Saturday, December 24, 2011

Alive

Letters to a Young Novelist (Llosa, p. 9)

How can reading a novel help you gain insight and depth in your own life?


I was eleven I think, when I first fell in love with reading. It can't actually remember how it started. But I do remember that first novel that I read - an Animorphs book. I can't even recall the number or the story. All that I could remember was Rachel transforming into a cheetah, or the other way around, I don't really know. I just know that it started with that. And the rest of the memories of how I became a bibliophile is now stuck and sleeping in some part of my brain.

I tried to look for the roots of it because it's just so interesting how novels affect me now even if I can't really remember how it all began. To limit the length of my answer, and to give a sense of organization to what I am about to write, novels have helped me gain insight and depth in my life through three ways: (1) providing a place wherein I can escape to when reality limits me and my thinking, (2) being able to journey with the character/s throughout the book, and (3) in a way, their being present in my own life.
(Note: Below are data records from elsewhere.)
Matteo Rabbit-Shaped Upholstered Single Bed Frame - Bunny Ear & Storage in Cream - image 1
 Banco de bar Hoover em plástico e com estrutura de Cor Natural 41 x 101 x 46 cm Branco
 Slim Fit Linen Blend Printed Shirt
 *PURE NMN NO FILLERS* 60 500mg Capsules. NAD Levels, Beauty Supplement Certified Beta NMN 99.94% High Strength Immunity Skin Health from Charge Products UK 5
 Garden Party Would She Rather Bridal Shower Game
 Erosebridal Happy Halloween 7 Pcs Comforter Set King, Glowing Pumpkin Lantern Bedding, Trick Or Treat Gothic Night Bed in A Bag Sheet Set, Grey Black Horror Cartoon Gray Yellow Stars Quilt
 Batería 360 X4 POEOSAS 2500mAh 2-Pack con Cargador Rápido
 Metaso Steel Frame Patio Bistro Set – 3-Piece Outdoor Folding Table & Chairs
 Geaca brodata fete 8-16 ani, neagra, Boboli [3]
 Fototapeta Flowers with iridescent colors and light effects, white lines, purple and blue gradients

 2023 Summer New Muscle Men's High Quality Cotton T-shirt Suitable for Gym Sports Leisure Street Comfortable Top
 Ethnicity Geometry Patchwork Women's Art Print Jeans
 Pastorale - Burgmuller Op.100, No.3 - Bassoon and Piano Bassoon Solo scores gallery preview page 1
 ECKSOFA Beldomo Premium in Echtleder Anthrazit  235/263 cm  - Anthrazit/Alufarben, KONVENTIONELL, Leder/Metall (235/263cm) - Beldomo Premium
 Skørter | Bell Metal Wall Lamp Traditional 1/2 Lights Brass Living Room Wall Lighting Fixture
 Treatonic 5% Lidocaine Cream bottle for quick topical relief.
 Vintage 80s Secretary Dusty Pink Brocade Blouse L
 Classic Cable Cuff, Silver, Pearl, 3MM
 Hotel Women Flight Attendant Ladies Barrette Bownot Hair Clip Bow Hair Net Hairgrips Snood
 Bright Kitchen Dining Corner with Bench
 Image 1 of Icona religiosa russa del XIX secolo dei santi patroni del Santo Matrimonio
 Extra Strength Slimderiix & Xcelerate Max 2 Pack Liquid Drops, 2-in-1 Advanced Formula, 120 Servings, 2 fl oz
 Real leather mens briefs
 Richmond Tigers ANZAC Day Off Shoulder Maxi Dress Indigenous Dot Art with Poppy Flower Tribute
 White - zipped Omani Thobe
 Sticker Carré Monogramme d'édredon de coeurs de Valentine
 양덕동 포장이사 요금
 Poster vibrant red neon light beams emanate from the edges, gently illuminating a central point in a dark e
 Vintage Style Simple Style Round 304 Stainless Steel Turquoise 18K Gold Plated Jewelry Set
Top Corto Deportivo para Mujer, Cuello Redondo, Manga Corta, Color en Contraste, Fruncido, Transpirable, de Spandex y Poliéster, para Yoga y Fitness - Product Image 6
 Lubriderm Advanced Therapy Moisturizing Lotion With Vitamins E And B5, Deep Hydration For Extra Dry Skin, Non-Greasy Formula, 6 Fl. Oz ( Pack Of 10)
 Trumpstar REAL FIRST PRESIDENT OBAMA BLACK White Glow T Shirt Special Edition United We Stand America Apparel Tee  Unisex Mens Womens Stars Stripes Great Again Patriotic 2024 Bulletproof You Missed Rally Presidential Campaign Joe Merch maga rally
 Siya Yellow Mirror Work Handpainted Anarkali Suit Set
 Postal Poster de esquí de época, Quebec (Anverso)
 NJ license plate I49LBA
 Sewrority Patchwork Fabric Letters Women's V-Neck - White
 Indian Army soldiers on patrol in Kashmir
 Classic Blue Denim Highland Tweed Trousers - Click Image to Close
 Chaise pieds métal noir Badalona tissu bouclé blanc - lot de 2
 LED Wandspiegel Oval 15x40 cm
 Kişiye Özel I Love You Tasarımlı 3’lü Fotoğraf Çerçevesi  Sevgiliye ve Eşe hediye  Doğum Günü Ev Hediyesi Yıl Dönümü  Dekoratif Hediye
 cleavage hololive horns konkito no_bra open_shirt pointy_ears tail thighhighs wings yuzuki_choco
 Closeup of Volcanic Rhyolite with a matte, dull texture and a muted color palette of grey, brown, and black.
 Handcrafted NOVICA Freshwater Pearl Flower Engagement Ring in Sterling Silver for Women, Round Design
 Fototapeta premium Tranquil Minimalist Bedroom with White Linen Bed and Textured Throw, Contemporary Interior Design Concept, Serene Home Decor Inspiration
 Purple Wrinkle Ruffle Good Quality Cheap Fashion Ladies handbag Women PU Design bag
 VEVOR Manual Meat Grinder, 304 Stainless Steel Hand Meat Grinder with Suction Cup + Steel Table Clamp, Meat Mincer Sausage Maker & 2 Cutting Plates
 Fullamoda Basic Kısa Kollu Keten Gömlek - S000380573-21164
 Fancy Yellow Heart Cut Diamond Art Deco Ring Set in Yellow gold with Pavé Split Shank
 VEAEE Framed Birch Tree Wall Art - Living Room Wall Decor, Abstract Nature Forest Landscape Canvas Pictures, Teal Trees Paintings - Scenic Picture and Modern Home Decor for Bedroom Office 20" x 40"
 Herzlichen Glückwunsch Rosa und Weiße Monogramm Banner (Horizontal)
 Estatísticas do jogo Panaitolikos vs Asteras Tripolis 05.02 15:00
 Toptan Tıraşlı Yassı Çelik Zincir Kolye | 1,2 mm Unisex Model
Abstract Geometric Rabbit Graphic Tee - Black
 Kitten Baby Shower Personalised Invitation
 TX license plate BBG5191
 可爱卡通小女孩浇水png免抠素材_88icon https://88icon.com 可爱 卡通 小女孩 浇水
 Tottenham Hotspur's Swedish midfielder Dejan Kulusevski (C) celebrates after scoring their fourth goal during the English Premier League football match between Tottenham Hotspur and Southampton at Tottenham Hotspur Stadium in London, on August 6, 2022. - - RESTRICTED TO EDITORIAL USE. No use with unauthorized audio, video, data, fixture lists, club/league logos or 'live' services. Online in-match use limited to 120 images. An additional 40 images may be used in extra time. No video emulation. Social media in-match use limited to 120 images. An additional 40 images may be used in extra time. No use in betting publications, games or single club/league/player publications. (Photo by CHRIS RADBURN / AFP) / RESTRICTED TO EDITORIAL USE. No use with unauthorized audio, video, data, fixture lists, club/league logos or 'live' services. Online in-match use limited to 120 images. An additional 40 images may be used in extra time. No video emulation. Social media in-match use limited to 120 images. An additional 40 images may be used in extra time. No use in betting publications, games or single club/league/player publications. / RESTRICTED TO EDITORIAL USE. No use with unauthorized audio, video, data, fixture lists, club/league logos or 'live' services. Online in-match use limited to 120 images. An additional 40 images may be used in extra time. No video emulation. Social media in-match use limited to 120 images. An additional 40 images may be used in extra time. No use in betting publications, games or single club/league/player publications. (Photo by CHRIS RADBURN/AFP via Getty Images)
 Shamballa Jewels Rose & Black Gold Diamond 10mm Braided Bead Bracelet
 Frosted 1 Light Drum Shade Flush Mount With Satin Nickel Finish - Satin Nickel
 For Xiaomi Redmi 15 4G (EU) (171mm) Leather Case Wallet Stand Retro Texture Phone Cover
I found the lines above quite interesting when I was reading p. 9 of Letters to a Young Novelist by Mario Vargas Llosa. He first mentioned that one of the reasons why writers write was because of rebellion. They rejected reality and created the worlds in their minds that for them, could have been a lot more alive. Readers are also part of this game, and so the lines illustrate what we are led to think when we live a great story. People tell me that the way my mind works is so different from how theirs do. I don't know if that's a good thing, but I do know that most of my thinking, I owe literature. Reading a novel leads to a world that is a lot different from what you are really in, and more often than not, you get lost in that world. And after reading it, you find yourself back in your dull reality. But some novels are really moving in a sense that they lead you to appreciate your reality more. Novels lead you to think. As you are being led to a deeper understanding of the story and the characters, you are unconsciously living that great story. 
Now, the second was not really a big thing to me, until Gaby mentioned it once in class. From then on, the way I looked at characters was never quite the same again. Before, I thought they were people to analyze and observe. Now, I think of them as real people who had real lives and who felt real feelings. And that has made a huge impact on how novels have affected me because the characters did not only become part of my brain. They became part of my life. Some narrators in first-person POV were hard to connect with so I didn't really imagine myself in their shoes, but I just discovered that most of the time, it's the narrators that are far more interesting than the people he presents to us. And some, those really memorable protagonists, become you unconsciously. Their influence becomes too powerful that they sometimes lead you to believe in what they believe in and feel what they are feeling. Their story comes alive as if it really happened in your life. And through their story, you see yourself. You are led to look at your own life and to see what's similar, what's different, and what connects you as reader and character. Before you know it, your life is already changed by memories and the lessons from the journey with the character and the story.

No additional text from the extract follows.